Abstract

Sea floor mapping along the Apulia continental shelf (Italy) verified the abundance of autochthonous red algae build-ups, mapped as coralligenous habitats (CHs), in a water depth range of 5–100 m. In general, CHs were found to develop three dimensional structures, with a rigid framework and to represent an important geomorphological and sedimentological element on the Mediterranean shelf.

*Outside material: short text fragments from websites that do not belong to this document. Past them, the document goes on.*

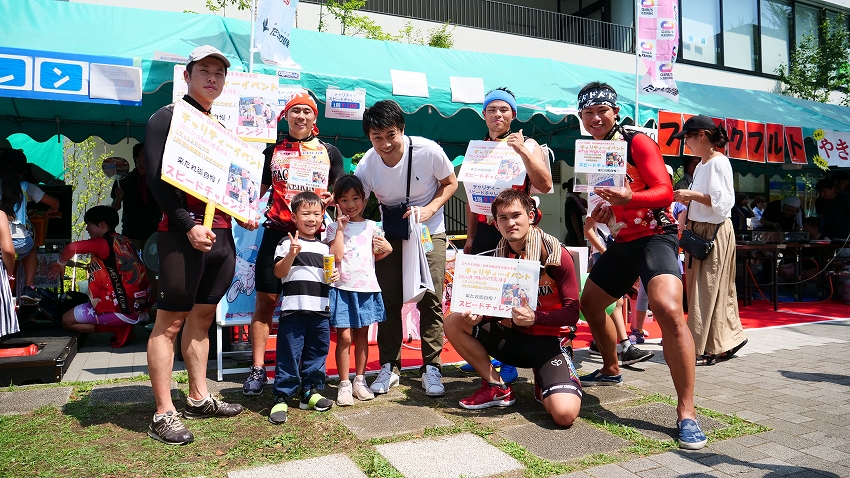第31回立川よいと祭りの風景5
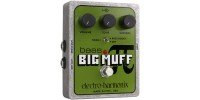 БАСОВЫЙ ЭФФЕКТ ELECTRO-HARMONIX BASS BIG MUFF PI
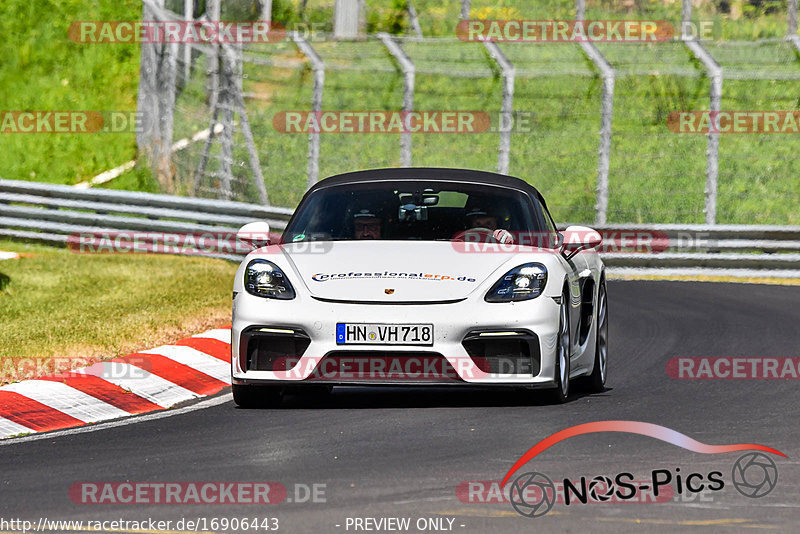 Bild #16906443 - Touristenfahrten Nürburgring Nordschleife (22.05.2022)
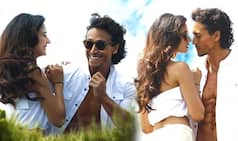 Befikra song: Check out Tiger Shroff having fun with girlfriend Disha Patani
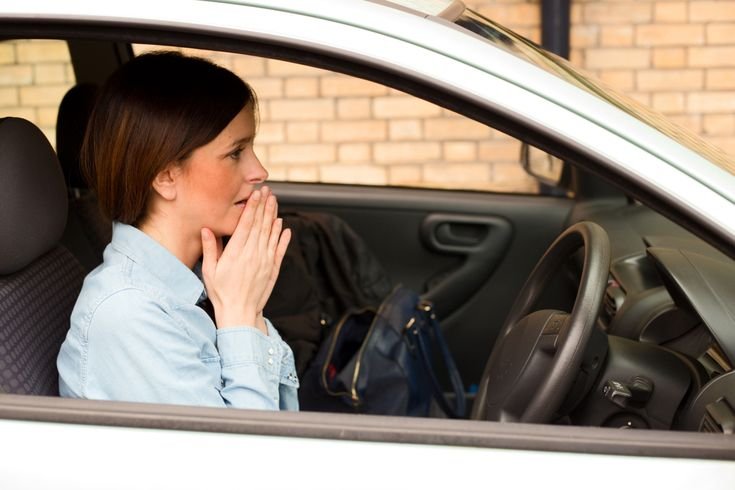 Road test preparation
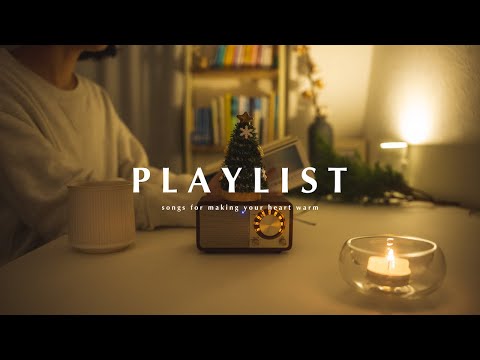 Songs to make your heart warm on a cold night🧶❄︎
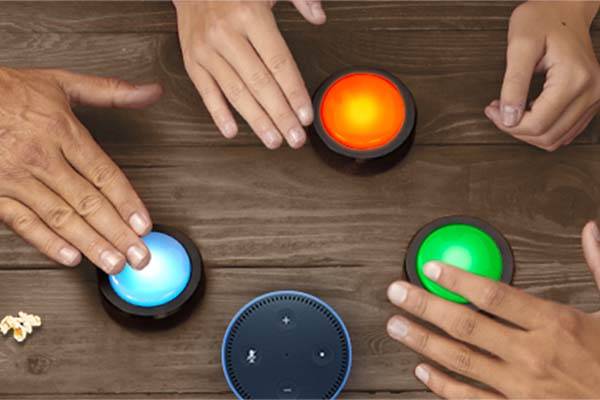 Amazon Alexa Echo Buttons
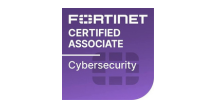 Fortinet Certified Associate in Cybersecurity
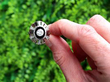 onyx and diamond ring outside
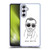Sam Smith Art Illustration Soft Gel Case for Samsung Galaxy M54 5G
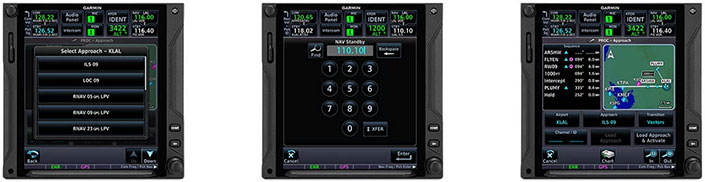 Garmin GTX 750 Series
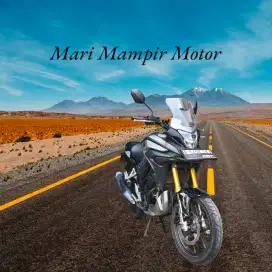 Dp 1jt Honda CB150x (Bi jelek ktp daerah bs kredit cb 150x cb150 x cbx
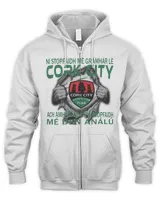Men's Zip Hoodie Men's Zip Hoodie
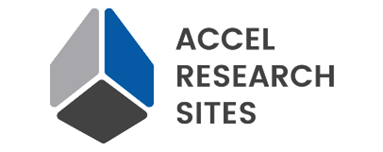 Accel Research Sites Logo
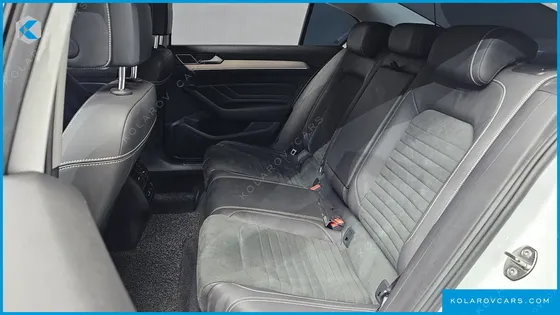 VOLKSWAGEN PASSAT 2.0 TDI PREMIUM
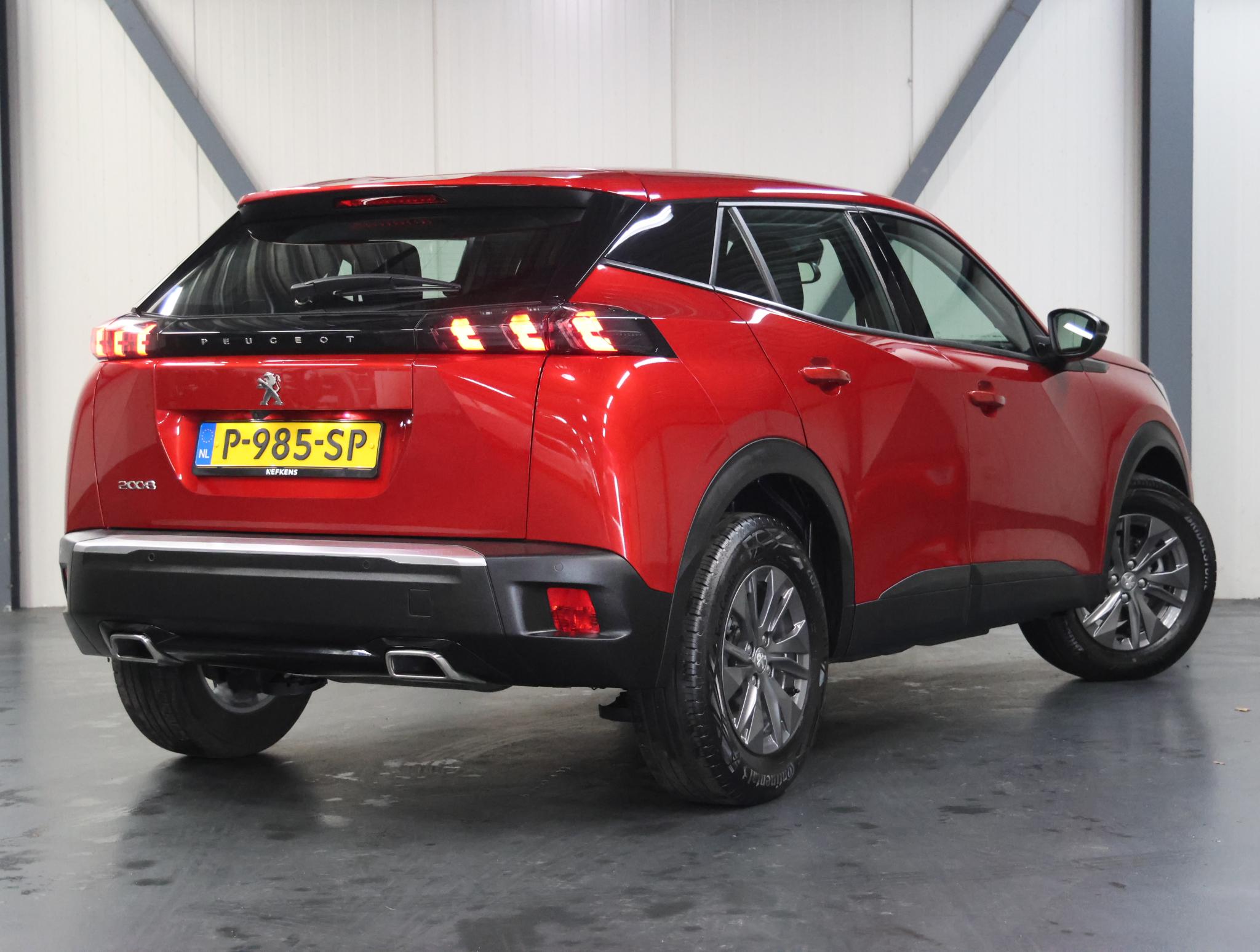 Peugeot 2008 130PK Active Pack - Afbeelding 3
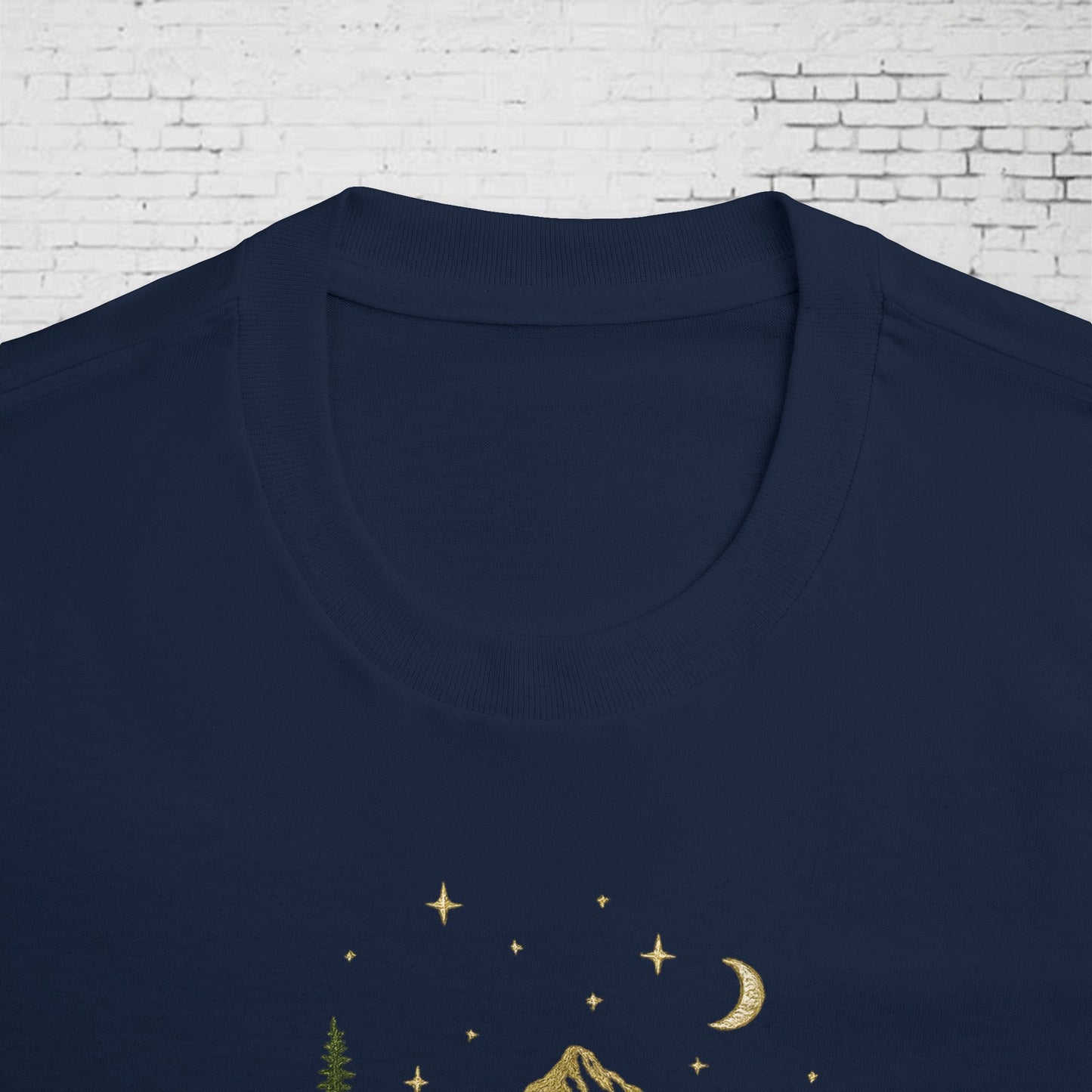 PNW Mountain & Pine Tree Tee | Pacific Northwest Sasquatch Adventure Shirt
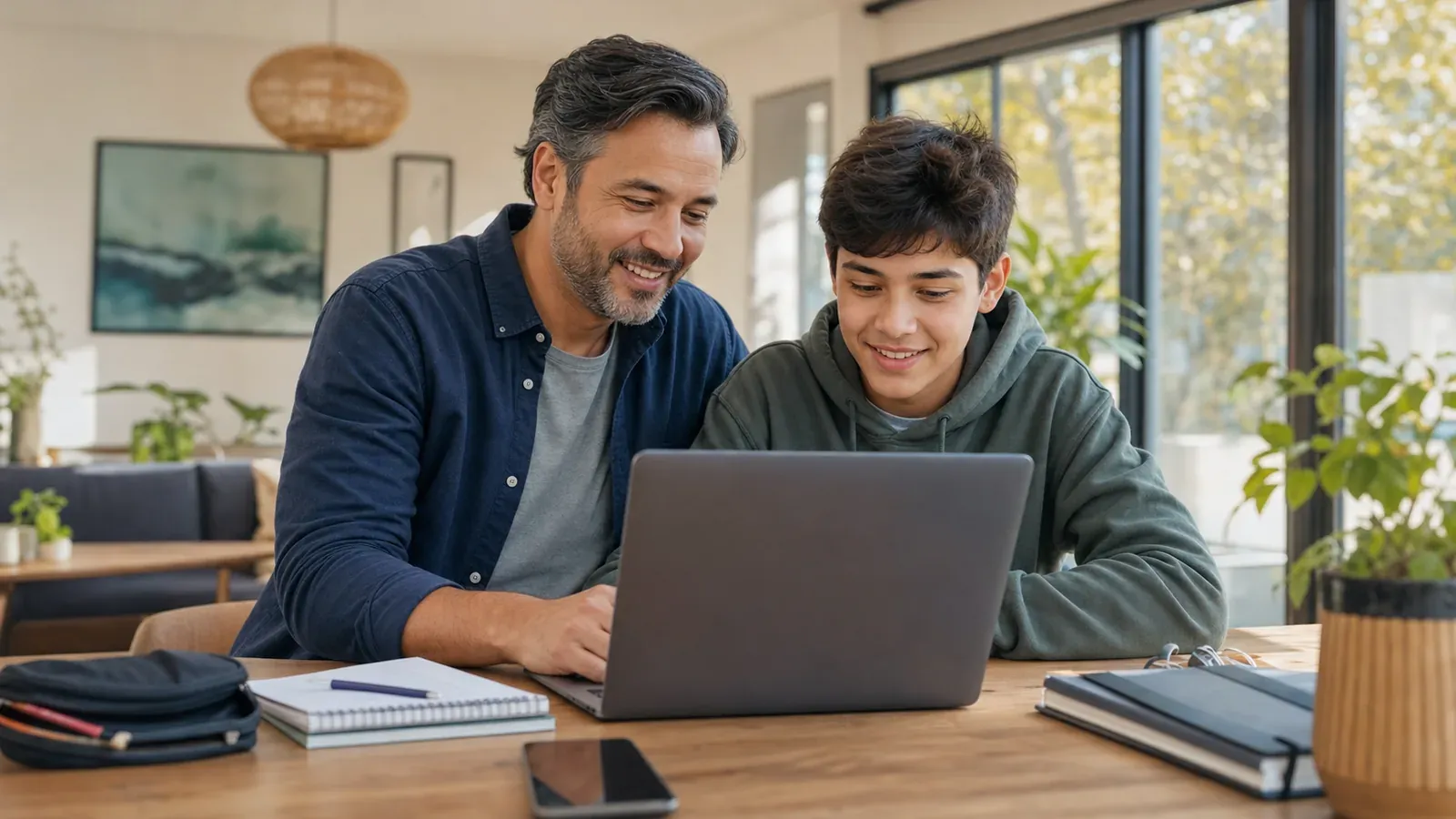 Aisne Neo simplifie la connexion et le suivi scolaire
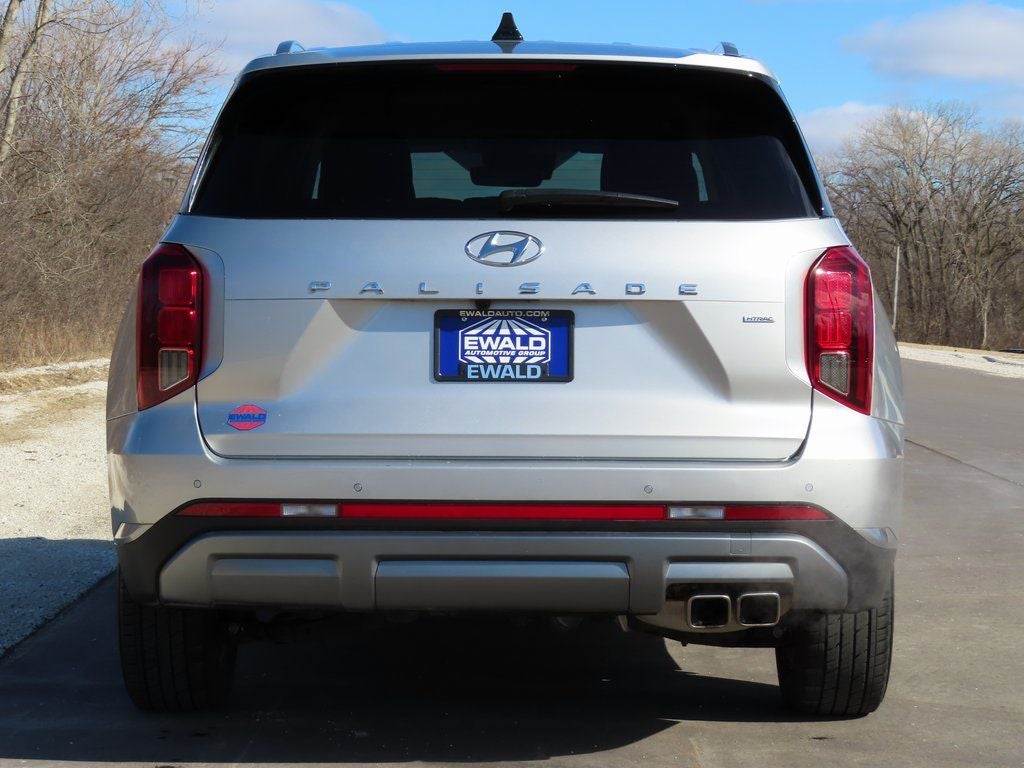 2025 Hyundai Palisade SEL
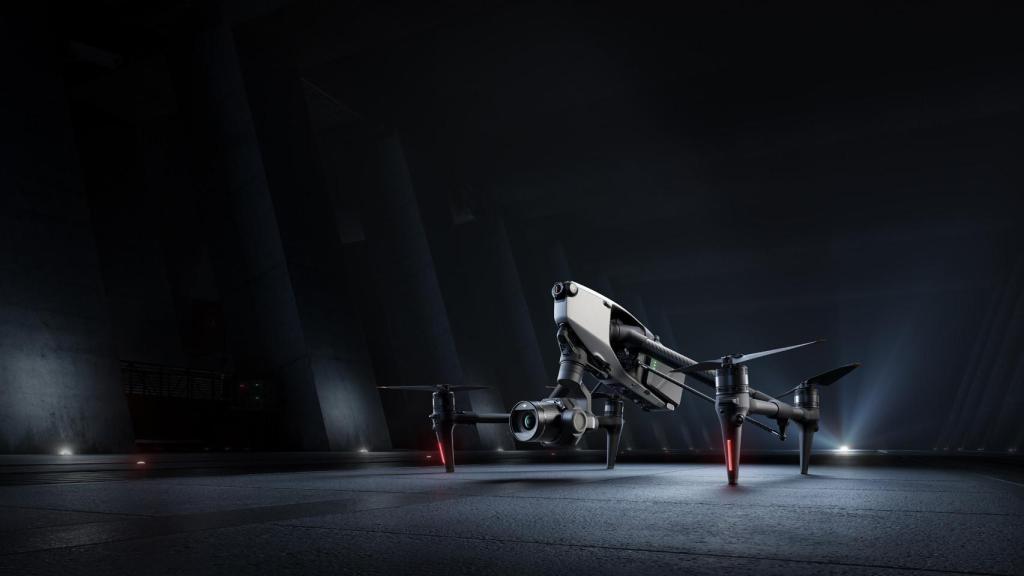 DJI Inspire 3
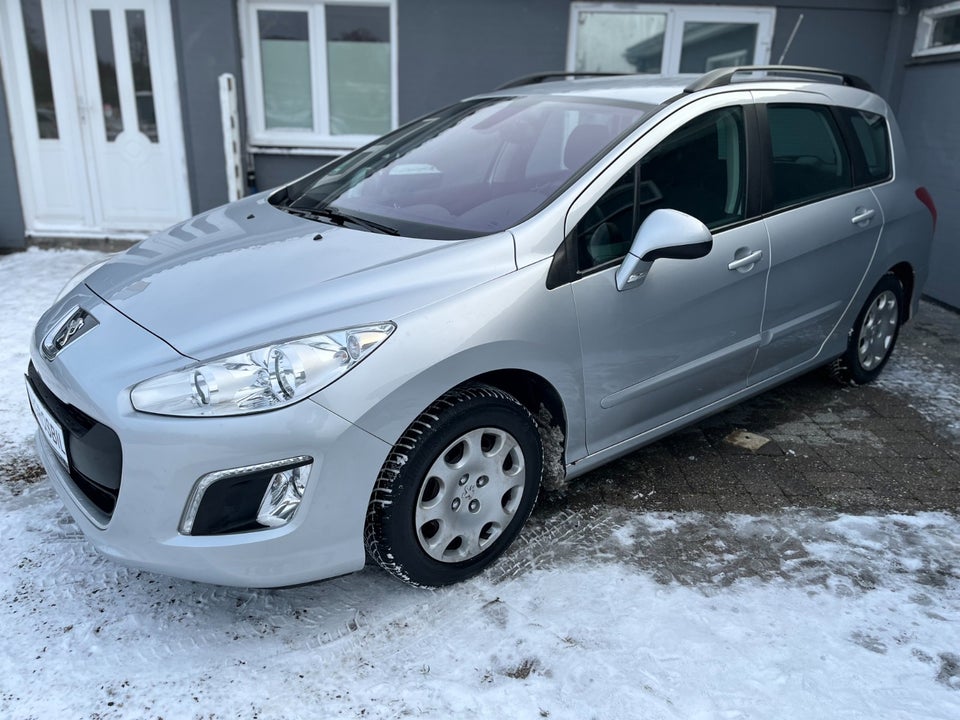 Peugeot 308 1,6 HDi 92 Comfort+ stc. 5d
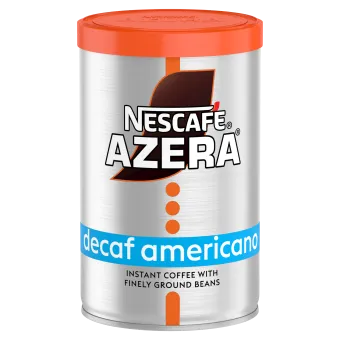 Nescafe Azera Decaf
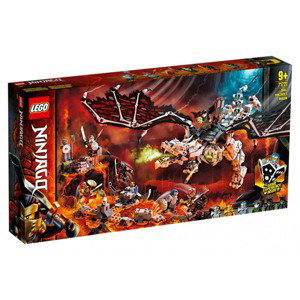 Lego® ninjago® 71721 drak čaroděje lebek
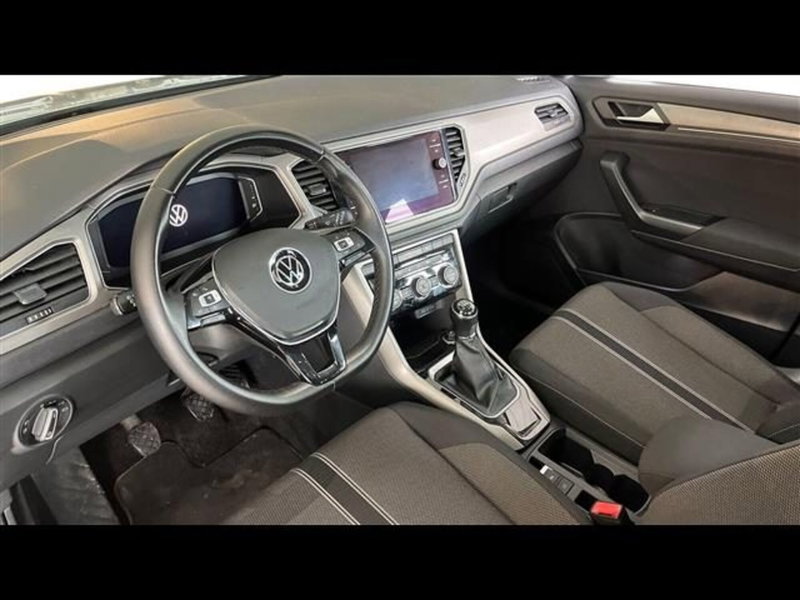 Volkswagen T-Roc usata a Firenze (9)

Here, we provide the first geomorphological description of CHs (thus poorly categorized) using acoustic data obtained from Side Scan Sonar (SSS) and MultiBeam (MB) echosounder surveys, ground-truthed using a ROV and underwater camera. In SSS mosaics, CHs generally yielded intermediate to high backscatter in response to a rigid cavernous framework. According to the various shapes and the lateral continuity that coralligenous build-ups displayed in explored locations, two distinct textures were determined to be present. Various geomorphological expressions of CHs were noted within our dataset and in images obtained from MB bathymetry. We determined that coralligenous build-ups are typically represented by positive-relief structures that vary from isolated blocks (randomly scattered on a generally flat mobile soft bottom) to a field of blocks (adjacent or even coalescent), and/to ridge with several metres of lateral continuity. In most cases, CHs occurred on flat mobile soft bottom, thus representing an example of coralligenous de plateau.

Our results characterize for the first time the CHs through seafloor mapping techniques, which demonstrated to represent an instrumental tool for their geomorphological characterization.